• **About this task**:
Nothing but the lines from the top of the records through the line with "Maison - 150 m² - 6 pièces" should be returned, exactly, and without pictures.

= = = = = = =

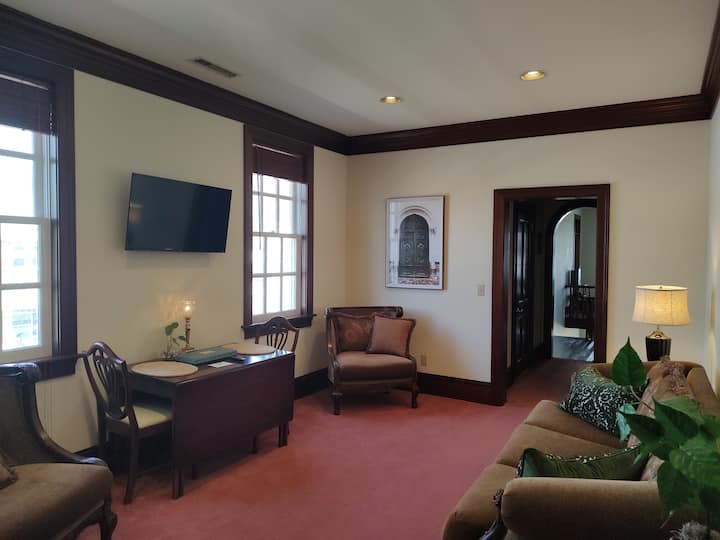 Cahoon & Daniels-1871 West Wing @ The Manteo House - Nags Head, NC
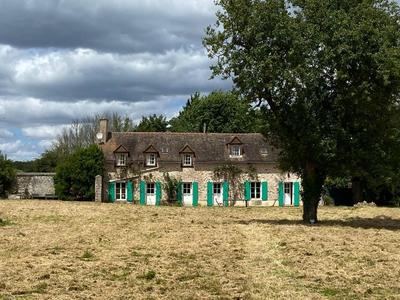 Maison - 150 m² - 6 pièces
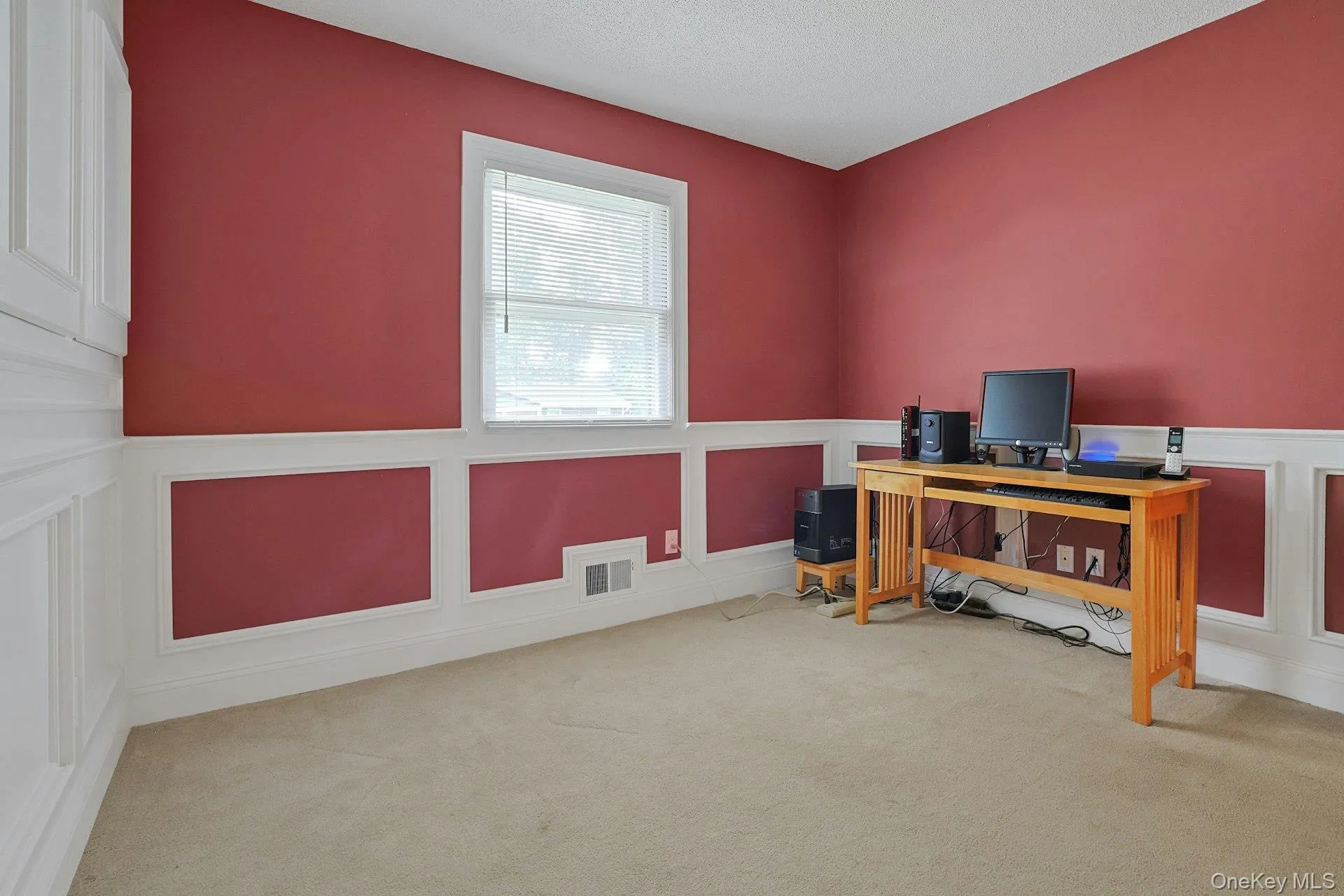 38 York Drive, Clarkstown, NY, 4 Bedrooms Bedrooms, 7 Rooms Rooms,2 BathroomsBathrooms,Residential,For Rent,York,0,1038511 38 York Drive, Clarkstown, NY, 4 Bedrooms Bedrooms, 7 Rooms Rooms,2 BathroomsBathrooms,Residential,For Rent,York,0,1038511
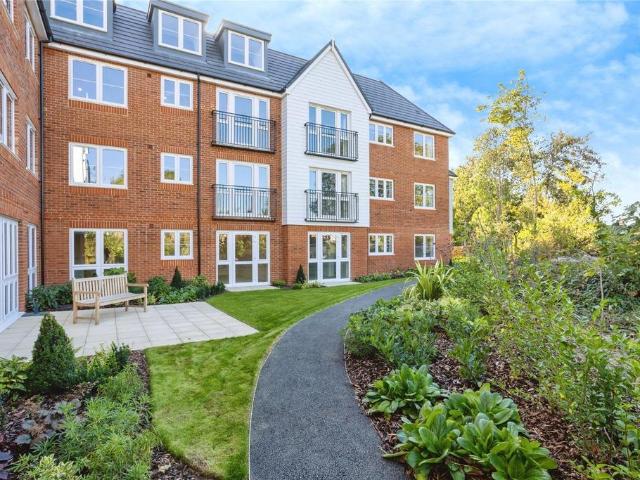Flat for sale in Bourne Vale, Kent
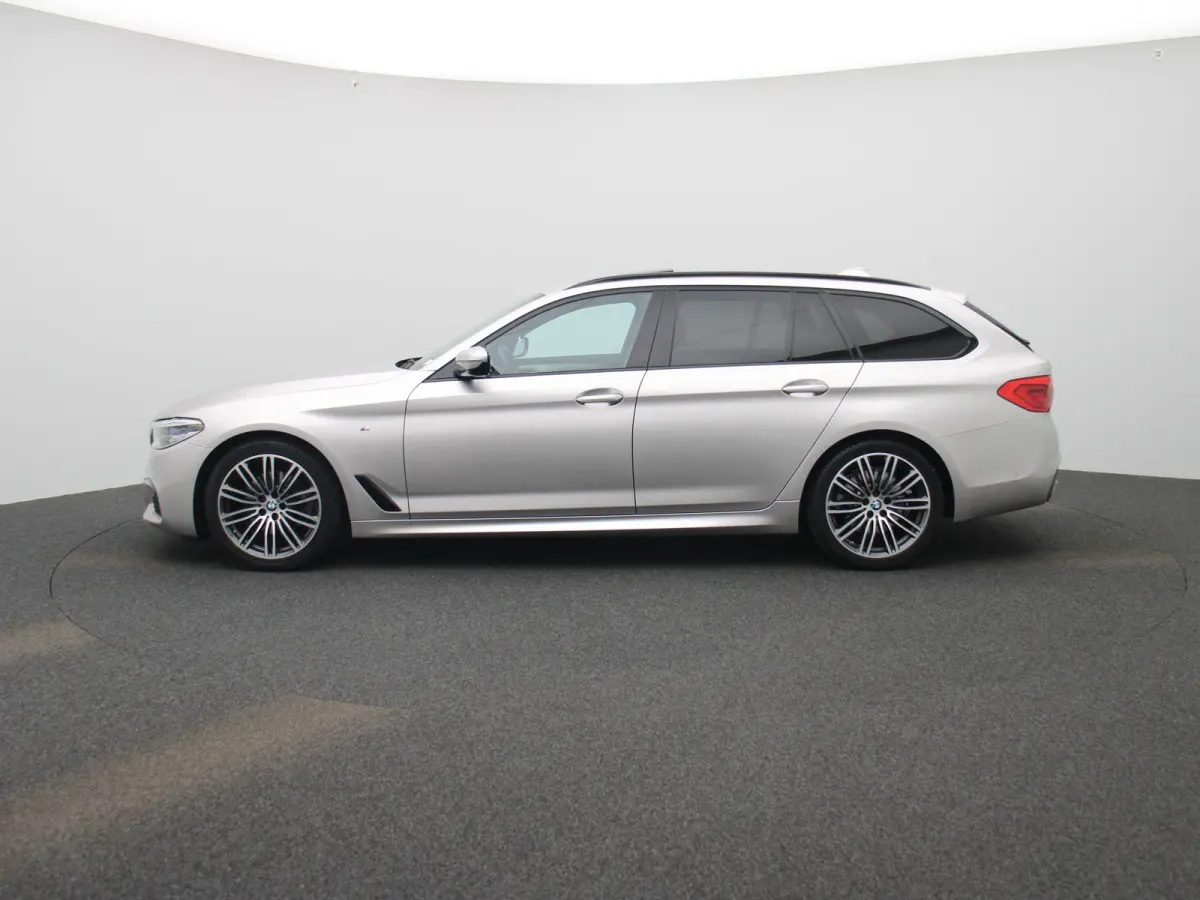 520i High Executive Edition | Automaat | M-Pakket | Apple Carplay / Android Auto | Panoramadak | Achteruitrijcamera | Parkeersensoren | Head-up Display |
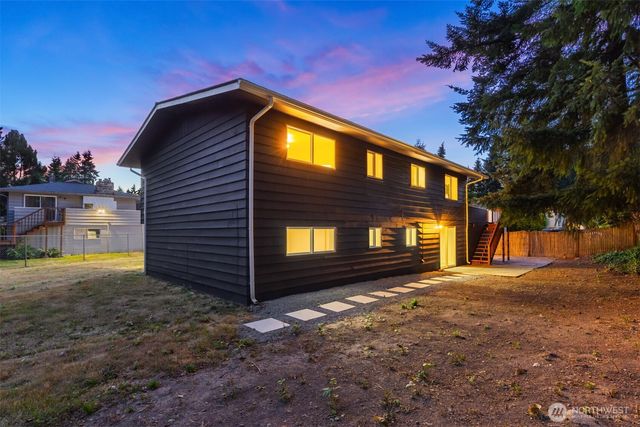 8004 203rd Place SW, Edmonds, WA 98026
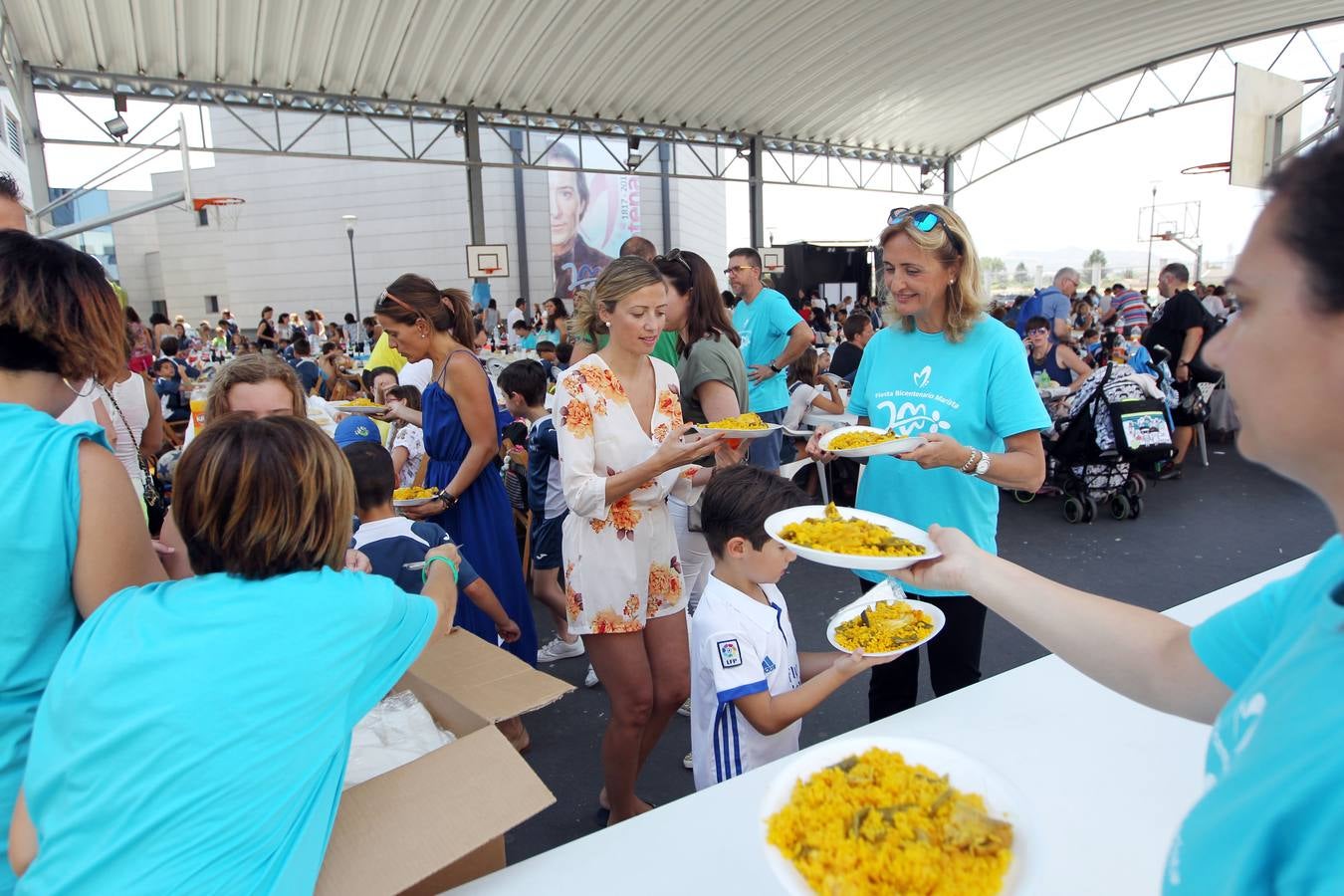 Paellada en la fiesta de fin de curso de Maristas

= = = = = = =

• **The completed task**:
 Cahoon & Daniels-1871 West Wing @ The Manteo House - Nags Head, NC
 Maison - 150 m² - 6 pièces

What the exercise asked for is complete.